Furries gather at Anthrocon 2023 on Sat., July 1 at David L. Lawrence Convention Center. Credit: CP Photo: Rayni Shiring

I didn’t really know what to expect. I briefly considered finding some animal ears of my own, or throwing on the City Paper pigeon mask lying in the back of my car — an attempt at “blending in” — but decided against it on the grounds that no matter what I did, there was no way I could pass for a true Anthrocon-attending furry. They’d see through me in a heartbeat.

Maybe that’s why the initial appeal of going was the same as what leads us to take psychedelics or drive very fast or stay out all night — that nagging desire we all have to run our thumb over the edge of experience. It’s what we do when we want to find out answers to questions like: what is too risky for us? Too painful? Too dangerous? Or, in this case: too weird?

Hanging out with a bunch of people steaming themselves in complicated and expensive costumes seemed like as good an option as any for trying to discern my own limitations. I imagined myself as a kind of Goldilocks, testing myself on the altar of three fursuited bears to figure out what was just right.

And — more callowly, I suppose — I thought it would be good material. A good story.

So ready or not, I showed up at the Westin hotel adjoining the convention center with sleep still lingering at the corners of my eyes. We were there for a special brunch for Anthrocon’s super and ultra sponsor attendees; these were the people who paid extra to support the convention, albeit in return for perks like this brunch with this year’s special guest.
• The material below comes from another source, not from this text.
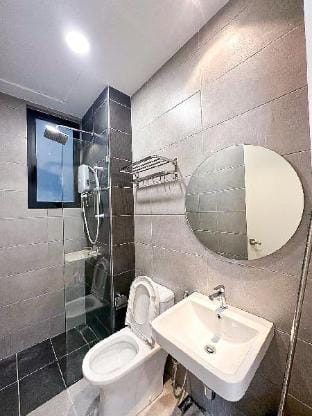 Urban Suites | 9 Adults | Georgetown Penang Apartment in George Town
(Later in the day, I identified one of the $1000 ultra sponsors in line for the Anthrocon talent show: a portly gentleman with cameras strapped to his head and shoulders, presumably live streaming. Someone standing near me commented that she saw him doing that at every convention she’s been to. When doors opened, an Anthrocon staffer ushered him through shouting: “Excuse me! There’s a rich guy coming through — make way!”)

But this year’s guest of honor? The city of Pittsburgh itself, of which my media colleagues and I were pointed to as representatives. Anthrocon chairman Dr. Samuel Conway (known at the convention as doctor. or Uncle Kage) explained in his distinctive cartoon-mad-scientist voice that the point was to honor Pittsburgh for “making significant contributions to the field of anthropomorphics.”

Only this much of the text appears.